Mean Cuisine
Washington Monthly, July, 2001 by Greg Critser
Part of the answer can be summed up in one word: abundance. Ten years ago, a pint of cold-pressed, extra-virgin Italian olive oil would set you back about $20. It was scarce, and so it was the chef's preference. Today one can buy a gallon for the same price. Today, of course, imported oil is not the chef's choice. And here is where the real twisted thinking starts: To avoid sounding like an old-fashioned snob, the modern chef instead proclaims that imported oil from big foreign farms "wrecks the earth" Or that its widespread availability will kill off good ol' Farmer Joe over in Ridley. So the "correct" oil nowadays trickles from local boutique olive farmers in, say, Napa. They cost ... $20 per pint.
In this sense, today's menus and cookbooks have become the modern equivalent of the old etiquette book. They are simply prescriptions for socially acceptable snobbery. The snobfest itself flows from what the great historian Richard Hofstadter called "status anxiety," the sinking feeling, often felt after, say, actually speaking to the maid or the gardener, that the world is changing, expanding, and in the process making one smaller, less important.
While once visited upon the wealthy only every generation or so, status anxiety now seems to strike with every tick of the Dow. The culprit is globalization. Only 10 years ago the world was still divided by formidable tariffs and restrictive trade rules. Everything was a fortress--Fortress Europe, Fortress Japan, etc. Consequently, what constituted status was exotic travel, striking off for Nepal, or buying a $20 cup of Italian olive oil. Such was the comforting Raj-like mentality, prissy and white, behind the early '90s preference for Chilean sea bass and New Zealand blackberries.
Today we live in a world of unprecedented free trade. Peaches from Chile and mangos from Ecuador are as common as celebrities at an AA meeting. French goat cheese--it's actually affordable. Everyone is partying, crossing over, dancing the rumba, and eating salsa. Predictably, the food snob, led by the chefs, blanches at all of this debauchery encroaching on his gated estate. He thus turns to the home-grown, to the pseudo-yeomanry of the local farmers' market, to the long "taken for granted" local cheese makers and the "curmudgeonly" presser of Mill Valley olive oil.
Yet this social function of the cuisine of trepidation pales against its economic and cultural impact. This is because chefs have found a growing voice in public policy, which, despite all noble intentions, can negatively affect us all, organic-tomato lovers or not.

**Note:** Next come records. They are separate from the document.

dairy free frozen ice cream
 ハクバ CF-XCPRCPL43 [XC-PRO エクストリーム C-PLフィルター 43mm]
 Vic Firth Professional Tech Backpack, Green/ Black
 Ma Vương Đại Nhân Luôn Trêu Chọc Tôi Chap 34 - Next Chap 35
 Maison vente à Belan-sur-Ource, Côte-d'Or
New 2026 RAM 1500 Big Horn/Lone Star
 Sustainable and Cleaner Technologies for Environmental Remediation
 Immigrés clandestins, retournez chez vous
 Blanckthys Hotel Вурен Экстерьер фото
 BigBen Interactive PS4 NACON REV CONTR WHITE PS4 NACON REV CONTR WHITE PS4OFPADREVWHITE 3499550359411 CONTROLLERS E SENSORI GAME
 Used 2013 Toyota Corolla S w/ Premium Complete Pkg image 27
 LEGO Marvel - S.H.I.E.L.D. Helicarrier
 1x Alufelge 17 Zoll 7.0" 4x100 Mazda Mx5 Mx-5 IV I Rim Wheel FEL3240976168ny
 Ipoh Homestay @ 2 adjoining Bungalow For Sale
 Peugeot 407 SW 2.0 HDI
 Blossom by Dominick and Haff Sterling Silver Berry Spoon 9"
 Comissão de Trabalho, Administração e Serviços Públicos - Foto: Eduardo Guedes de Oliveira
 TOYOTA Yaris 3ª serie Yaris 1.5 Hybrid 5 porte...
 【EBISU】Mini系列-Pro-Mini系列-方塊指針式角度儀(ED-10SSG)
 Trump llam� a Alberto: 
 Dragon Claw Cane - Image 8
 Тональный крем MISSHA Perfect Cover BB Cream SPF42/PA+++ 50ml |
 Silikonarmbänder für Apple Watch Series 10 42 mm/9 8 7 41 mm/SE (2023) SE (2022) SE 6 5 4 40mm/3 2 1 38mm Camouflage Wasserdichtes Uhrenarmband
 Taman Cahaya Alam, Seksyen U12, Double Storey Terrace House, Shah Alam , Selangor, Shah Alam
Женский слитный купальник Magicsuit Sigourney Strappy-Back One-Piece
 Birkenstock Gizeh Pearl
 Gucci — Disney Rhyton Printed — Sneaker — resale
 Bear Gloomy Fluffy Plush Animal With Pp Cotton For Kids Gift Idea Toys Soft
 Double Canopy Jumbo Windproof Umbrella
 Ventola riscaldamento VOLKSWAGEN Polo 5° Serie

At the local level their influence arrives in the form of the growing "sustainable schoolyard" movement, founded by Mice Waters. Using both private and city funds, these programs have a laudable enough goal: to provide an alternative to the greasy fast food bacchanal known as "lunch" in the nation's public schools. In practice, they teach kids about growing their own veggies and plug local farmers into the school nutrition bureaucracy. Kids have taken to it mainly because any fruits, picked ripe, taste better.